WHAT YOU WILL DO: Ignoring the pictures, repeat every entry below exactly as it appears.

INPUT DATA:

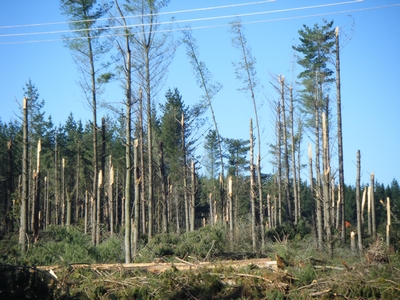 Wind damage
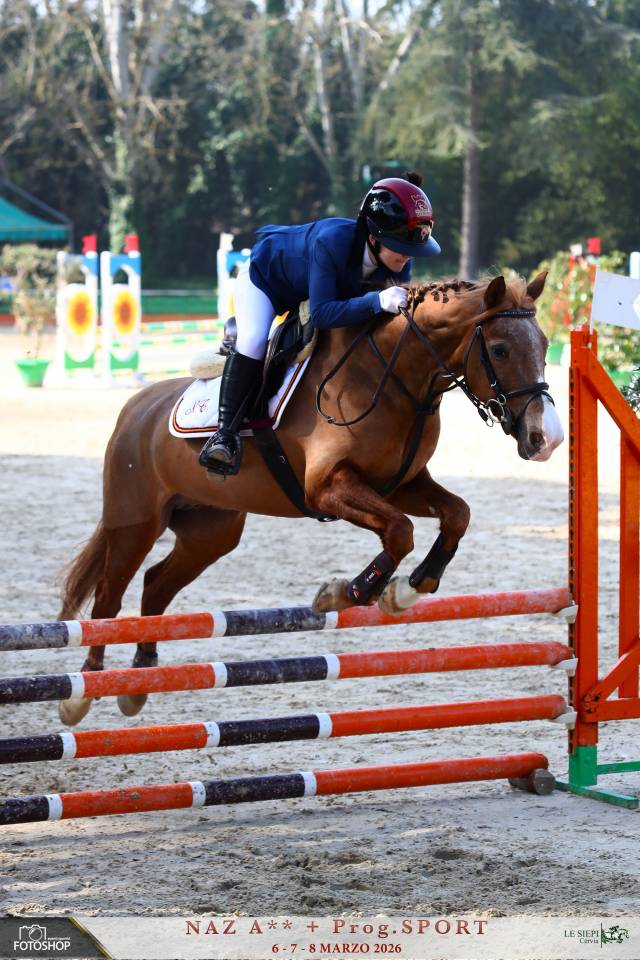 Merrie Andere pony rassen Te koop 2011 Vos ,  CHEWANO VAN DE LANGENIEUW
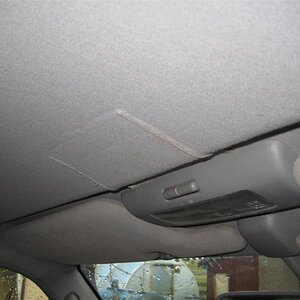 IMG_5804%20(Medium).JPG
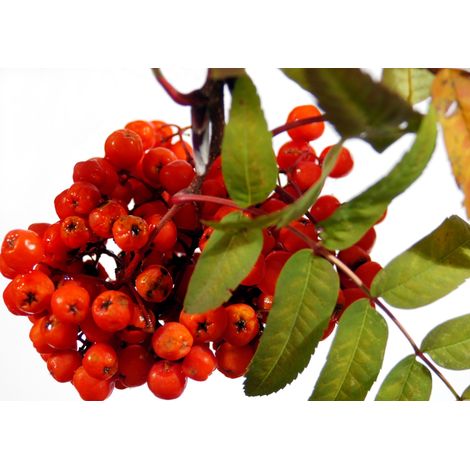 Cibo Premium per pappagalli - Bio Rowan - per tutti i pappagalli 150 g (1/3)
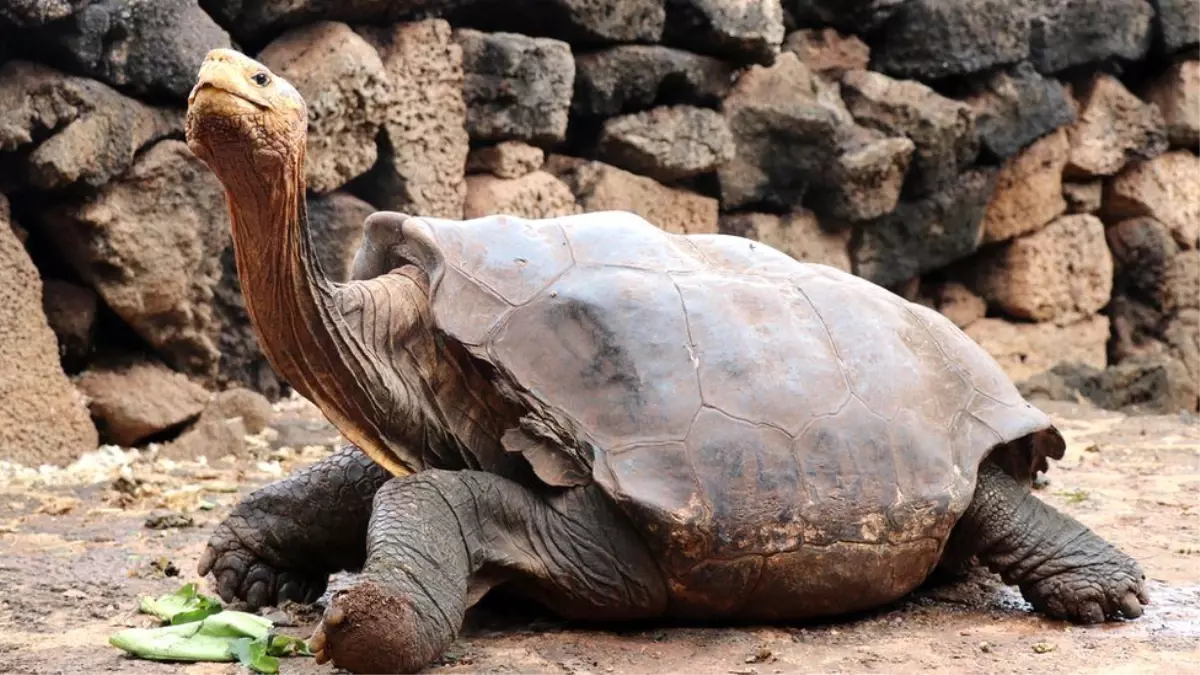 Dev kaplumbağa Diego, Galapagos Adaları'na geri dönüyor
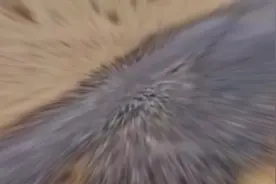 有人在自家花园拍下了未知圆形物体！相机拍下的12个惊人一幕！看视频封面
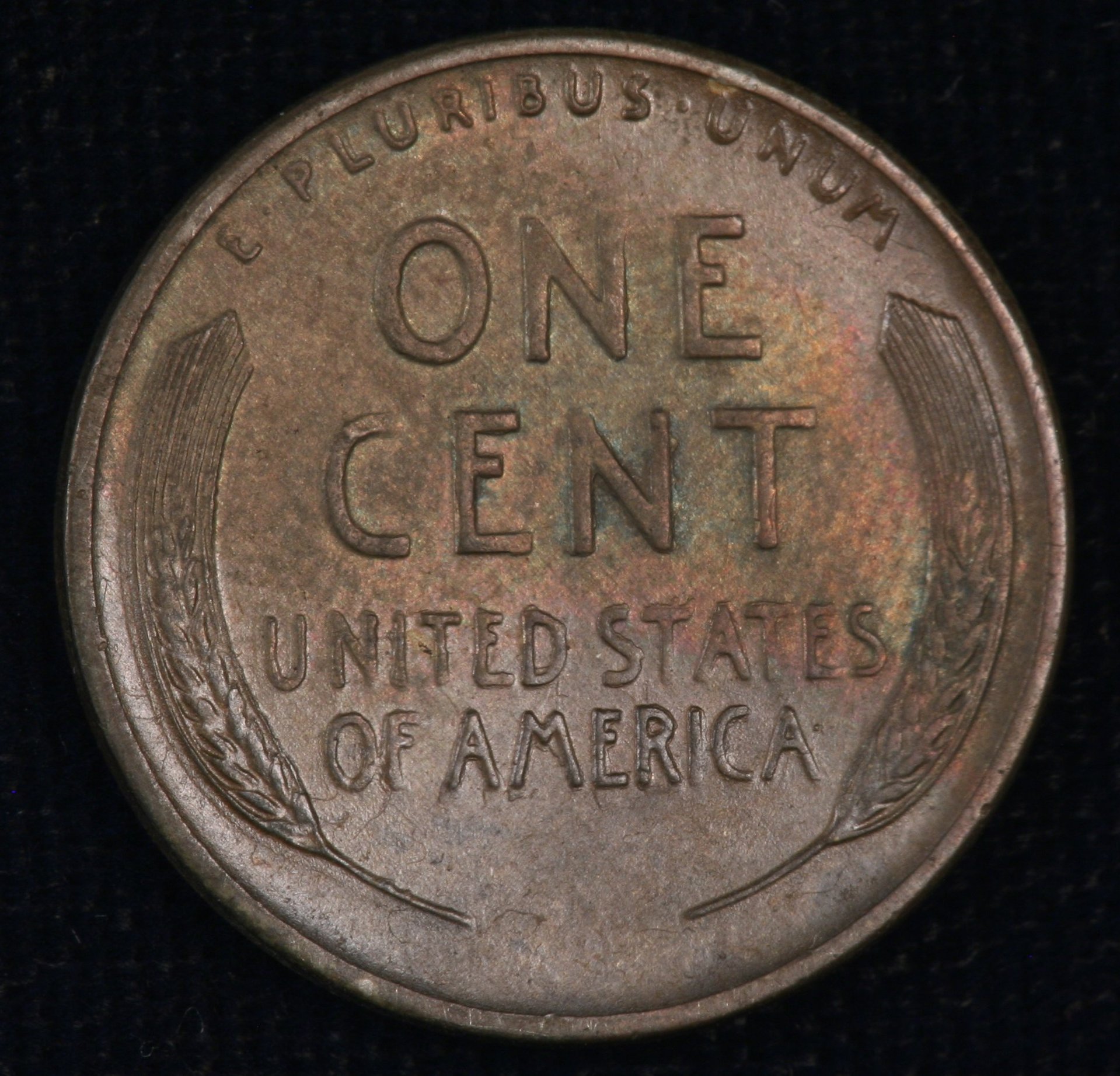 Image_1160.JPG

WRITTEN SOLUTION:
 Wind damage
 Merrie Andere pony rassen Te koop 2011 Vos ,  CHEWANO VAN DE LANGENIEUW
 IMG_5804%20(Medium).JPG
 Cibo Premium per pappagalli - Bio Rowan - per tutti i pappagalli 150 g (1/3)
 Dev kaplumbağa Diego, Galapagos Adaları'na geri dönüyor
 有人在自家花园拍下了未知圆形物体！相机拍下的12个惊人一幕！看视频封面
 Image_1160.JPG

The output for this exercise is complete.